No Brasil, em 2013, a partir de uma insatisfação geral com aumentos de passagens de ônibus em 20 centavos em diversas capitais deu início a uma grande onda de manifestações país adentro.
Para Józef Pinior, um dos grevistas poloneses, ele tornou-se um revolucionário ao “saber que é possível viver de outra forma”. Segundo ele, este pensamento mudou sua vida, pois ele teria então algo pelo que protestar, muito embora ele não soubesse se conseguiria ou não. Porém, isto não era importante.
Quando a revolução perde seu espírito
O filme pensa então no que acontece no fim de uma revolução. É tudo muito bonito de se ver. As pessoas unidas por um ideal. Mas o que acontece depois que se alcança a vitória? Quando a revolução chega ao fim, perde-se o sentimento coletivo e cada um retorna ao seu próprio ego.
A revolução polonesa após um sucesso inicial, foi apagada e destruída pelo estado, enquanto que a revolução iraniana sofreu uma usurpação pela liderança religiosa radical. Isso significa que as revoluções falharam? Elas foram um erro? Que legado elas deixaram? Há do que se orgulhar? São perguntas que podem ter colocação em qualquer revolta em qualquer espaço-tempo.
Se o aumento de 20 centavos nas passagens de ônibus foi impedido em 2013, de lá para cá aconteceram outros aumentos muito acima de 20 centavos, e a situação política só tem descido mais a ladeira. Isso significa o que? O que podemos dizer das pessoas e os ideais de quem protestou?
Reflexão e metáforas
Certamente, as entrevistas não são objetivas como reportagens jornalísticas. Aliás, muitas vezes as pessoas falam através de metáforas e analogias, como a artista Negar Tahsili que fala sobre a inutilidade da burocracia e o poder da repressão ao relatar sua memória de um programa didático que assistia na televisão, ou a comparação da revolução a um trem por um membro da revolução iraniana.

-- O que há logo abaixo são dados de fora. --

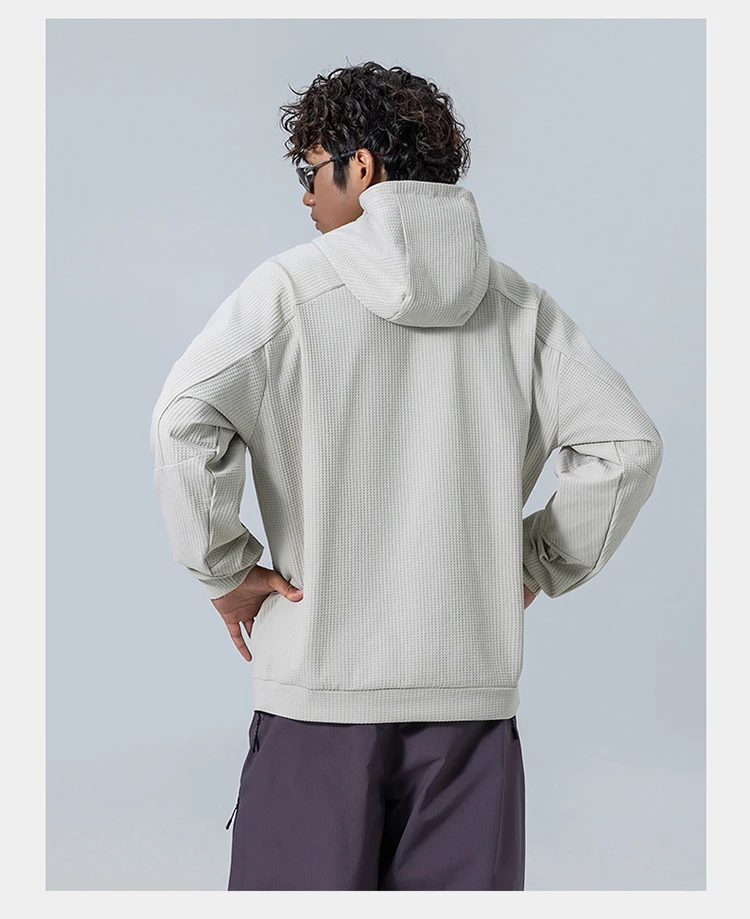 Outdoor Sport Hoodie Men Women Loose Casual Pullover Hooded Sweatshirts Couple Quick Dry Long Sleeve T Shirt Tops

O Rei Nu não dá respostas, nem apresenta uma conclusão final, mas apresenta uma reflexão de porque as revoluções que começam de forma tão vibrante podem acabar sendo suprimidas ou distorcidas de seus ideais originais, transformando-se no que se combatia.
Afinal, as coisas começam a se acabar, quando os revolucionários viram inimigos da própria revolução ou a repressão vira um meio, assim como era pelo poder que foi derrubado. Cenários onde a repressão política, a perseguição e a corrupção imperam são propícios para revoluções, pois eventualmente as pessoas não acreditam mais no sistema.